- Given information:

%%

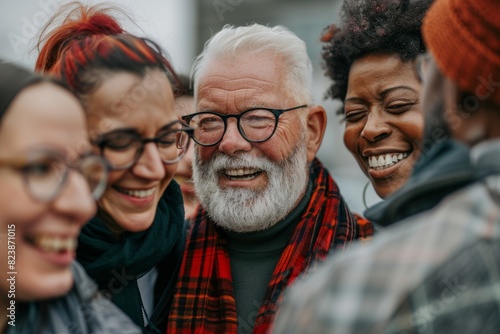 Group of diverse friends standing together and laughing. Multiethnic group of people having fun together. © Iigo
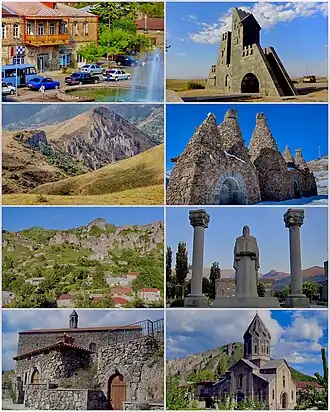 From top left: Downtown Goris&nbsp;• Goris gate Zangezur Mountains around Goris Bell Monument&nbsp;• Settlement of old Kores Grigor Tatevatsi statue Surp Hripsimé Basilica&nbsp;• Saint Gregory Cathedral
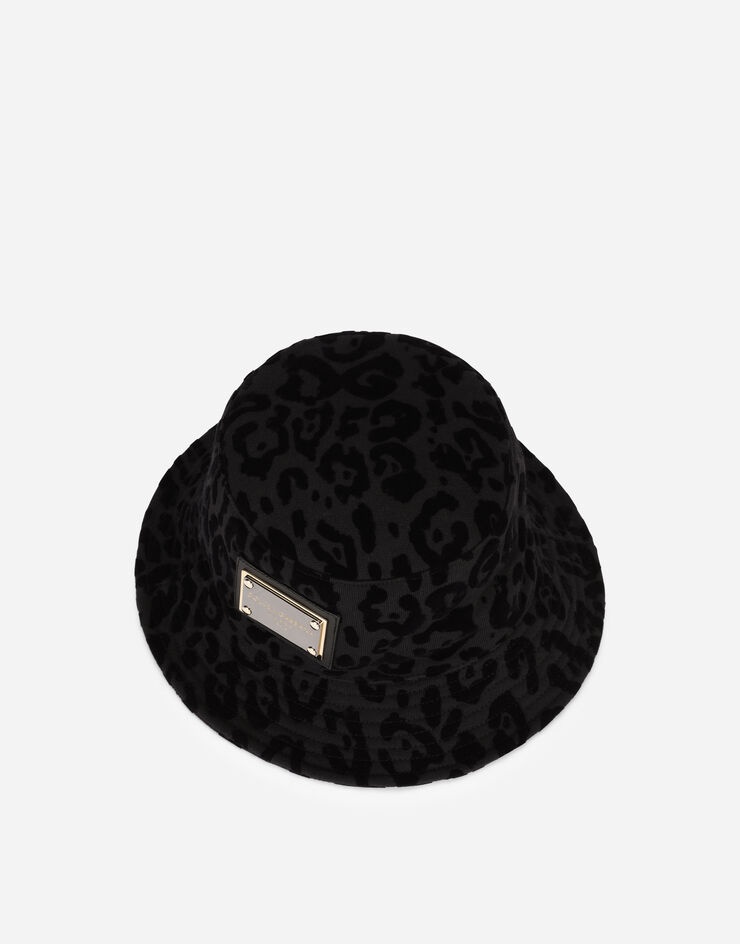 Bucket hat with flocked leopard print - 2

%%

- What needs to be done: Extract the lines beginning with the one that contains "From top left: Downtown" and ending with the last line of the listing. Keep them exact and drop the pictures.

- Reply:
 From top left: Downtown Goris&nbsp;• Goris gate Zangezur Mountains around Goris Bell Monument&nbsp;• Settlement of old Kores Grigor Tatevatsi statue Surp Hripsimé Basilica&nbsp;• Saint Gregory Cathedral
 Bucket hat with flocked leopard print - 2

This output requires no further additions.